- WHAT NEEDS TO BE DONE -
Write out exactly the lines from the line that contains "I'm wearing the" through the final line of the listing below, and no others.

- DATASET EXTRACT -
--------------------------------------------------

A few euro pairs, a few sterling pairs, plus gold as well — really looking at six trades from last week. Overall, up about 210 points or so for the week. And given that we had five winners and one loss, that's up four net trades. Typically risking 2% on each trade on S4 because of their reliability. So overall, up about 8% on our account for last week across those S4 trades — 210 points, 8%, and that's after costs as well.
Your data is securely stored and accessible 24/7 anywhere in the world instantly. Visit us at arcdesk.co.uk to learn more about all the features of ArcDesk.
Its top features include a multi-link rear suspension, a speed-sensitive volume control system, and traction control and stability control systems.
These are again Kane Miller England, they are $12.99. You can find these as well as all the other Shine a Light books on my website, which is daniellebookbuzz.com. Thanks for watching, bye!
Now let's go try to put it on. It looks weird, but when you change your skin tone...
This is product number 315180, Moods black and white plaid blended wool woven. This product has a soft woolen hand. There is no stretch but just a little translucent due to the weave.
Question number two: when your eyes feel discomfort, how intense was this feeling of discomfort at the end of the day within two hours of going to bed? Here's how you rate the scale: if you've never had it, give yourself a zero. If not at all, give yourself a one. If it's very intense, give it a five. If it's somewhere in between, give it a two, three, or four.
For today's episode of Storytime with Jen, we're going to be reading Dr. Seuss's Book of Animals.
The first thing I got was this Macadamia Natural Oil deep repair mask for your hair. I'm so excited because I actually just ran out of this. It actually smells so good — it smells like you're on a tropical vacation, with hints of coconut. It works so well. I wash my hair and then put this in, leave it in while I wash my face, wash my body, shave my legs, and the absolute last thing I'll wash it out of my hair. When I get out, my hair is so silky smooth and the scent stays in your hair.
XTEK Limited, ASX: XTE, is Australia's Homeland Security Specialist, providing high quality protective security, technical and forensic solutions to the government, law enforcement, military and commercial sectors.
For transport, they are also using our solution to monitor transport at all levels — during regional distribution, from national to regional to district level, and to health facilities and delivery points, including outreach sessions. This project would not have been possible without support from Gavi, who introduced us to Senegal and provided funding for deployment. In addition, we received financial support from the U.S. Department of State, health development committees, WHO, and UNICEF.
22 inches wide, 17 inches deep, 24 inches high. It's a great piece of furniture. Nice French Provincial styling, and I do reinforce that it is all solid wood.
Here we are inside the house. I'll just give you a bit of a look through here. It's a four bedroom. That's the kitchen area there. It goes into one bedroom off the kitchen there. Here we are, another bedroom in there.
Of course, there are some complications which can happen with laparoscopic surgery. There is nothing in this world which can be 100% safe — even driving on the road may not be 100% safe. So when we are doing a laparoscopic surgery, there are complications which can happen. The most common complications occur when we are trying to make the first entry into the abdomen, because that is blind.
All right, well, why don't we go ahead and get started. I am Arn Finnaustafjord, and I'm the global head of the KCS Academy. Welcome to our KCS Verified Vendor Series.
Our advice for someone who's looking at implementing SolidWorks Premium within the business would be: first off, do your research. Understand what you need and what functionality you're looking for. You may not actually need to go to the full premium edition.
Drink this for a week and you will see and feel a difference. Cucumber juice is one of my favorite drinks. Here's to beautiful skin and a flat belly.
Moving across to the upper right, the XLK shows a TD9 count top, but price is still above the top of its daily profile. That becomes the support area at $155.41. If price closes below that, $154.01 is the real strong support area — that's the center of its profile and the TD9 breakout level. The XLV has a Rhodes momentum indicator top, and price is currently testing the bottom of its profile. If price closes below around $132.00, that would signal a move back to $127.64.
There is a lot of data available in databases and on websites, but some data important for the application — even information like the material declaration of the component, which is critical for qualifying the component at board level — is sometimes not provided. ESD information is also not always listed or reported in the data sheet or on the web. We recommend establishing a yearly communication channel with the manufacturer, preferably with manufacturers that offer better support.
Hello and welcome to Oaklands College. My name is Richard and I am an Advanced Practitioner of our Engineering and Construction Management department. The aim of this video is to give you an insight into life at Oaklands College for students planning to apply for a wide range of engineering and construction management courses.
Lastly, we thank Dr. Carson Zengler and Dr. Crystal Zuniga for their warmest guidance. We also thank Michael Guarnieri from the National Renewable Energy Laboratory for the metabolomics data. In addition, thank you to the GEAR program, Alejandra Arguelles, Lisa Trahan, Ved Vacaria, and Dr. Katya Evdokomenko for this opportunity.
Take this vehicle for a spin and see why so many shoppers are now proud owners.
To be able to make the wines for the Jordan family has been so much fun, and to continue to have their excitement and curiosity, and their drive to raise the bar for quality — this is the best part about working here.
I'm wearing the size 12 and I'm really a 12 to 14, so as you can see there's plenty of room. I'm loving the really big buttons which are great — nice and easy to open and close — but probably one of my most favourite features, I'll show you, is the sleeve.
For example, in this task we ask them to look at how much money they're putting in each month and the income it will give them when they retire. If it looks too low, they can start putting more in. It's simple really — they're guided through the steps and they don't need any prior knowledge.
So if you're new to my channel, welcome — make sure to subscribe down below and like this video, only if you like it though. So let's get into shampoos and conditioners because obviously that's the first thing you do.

--------------------------------------------------

- WRITTEN ANSWER -
I'm wearing the size 12 and I'm really a 12 to 14, so as you can see there's plenty of room. I'm loving the really big buttons which are great — nice and easy to open and close — but probably one of my most favourite features, I'll show you, is the sleeve.
For example, in this task we ask them to look at how much money they're putting in each month and the income it will give them when they retire. If it looks too low, they can start putting more in. It's simple really — they're guided through the steps and they don't need any prior knowledge.
So if you're new to my channel, welcome — make sure to subscribe down below and like this video, only if you like it though. So let's get into shampoos and conditioners because obviously that's the first thing you do.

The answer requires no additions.